Colombian Presidential hopeful Gustavo Petro has given an exclusive interview to Rolling Stone magazine. He begins by saying that 1973, the year Vietnamese resistance forced U.S. troops from their homeland and the date of the military coup against Chilean President Salvador Allende, marked the beginning of his political consciousness.
RELATED:
Colombia: Leading Leftist Presidential Hopeful Warns of Fraud
Books he read during his school days informed him that "a new world was possible and that people were fighting for this in all corners of the planet.
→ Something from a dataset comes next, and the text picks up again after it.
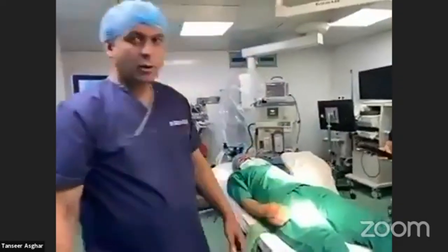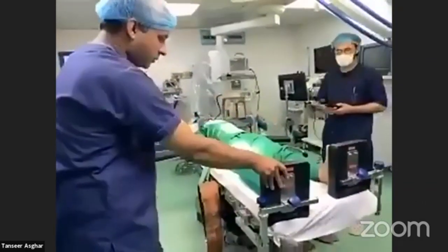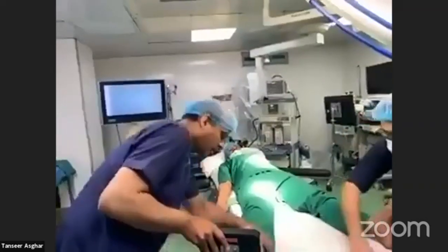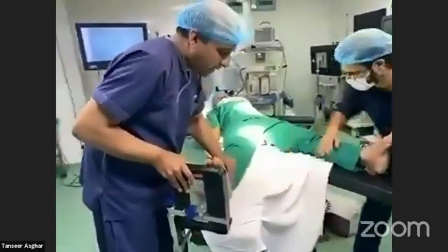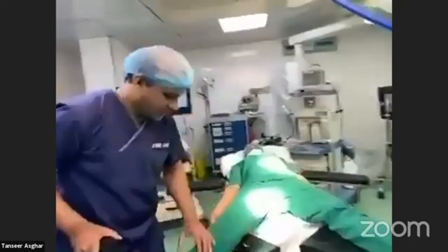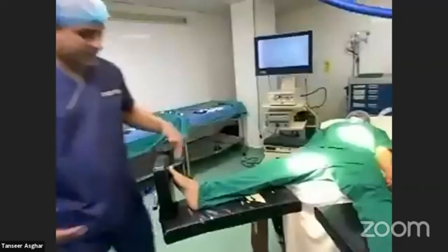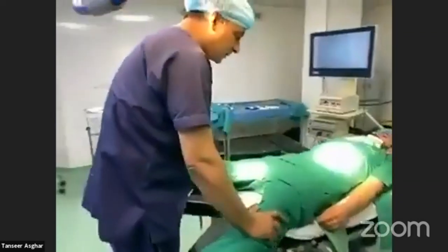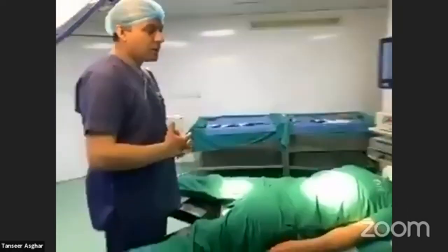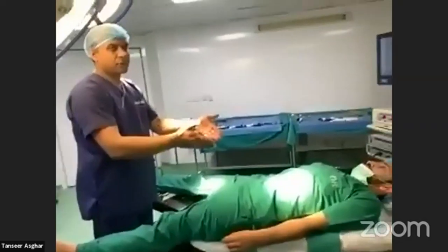Another important position is called the French position. There are two types of surgeons — those who stand on the right or left of the patient, and those who stand between the legs. When the surgeon stands between the legs, this is called the French position. Some surgeons perform cholecystectomy in this position, and most bariatric surgeons use the French position.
They were books that generated social criticism." It was during this period that he joined the former guerrilla movement, M-19, which he believed "filled the gap between the need for social justice and the people themselves."
After the group demobilized in the 1990s, Petro moved on to join the political arena where he served as mayor of Bogota from April 2014 to December 2015.
"Colombia has not experienced democracy. It has not been erected as a nation. This is the fundamental reason for all the violence. It's a social pact that defines a nation. Colombia is not a reality because since the War of Independence dozens of other wars have emerged, demonstrating an immense fracture within Colombian society." Those wars, he warns, "emanate from the exclusion of people in rural areas."
Petro's official candidacy, representing a left-wing coalition of parties and movements, will be confirmed following an electoral consultation on March 11. He has already warned of the possibility of "a massive fraud" to elect his coalition's candidate, which could leave him out of the presidential race on May 27.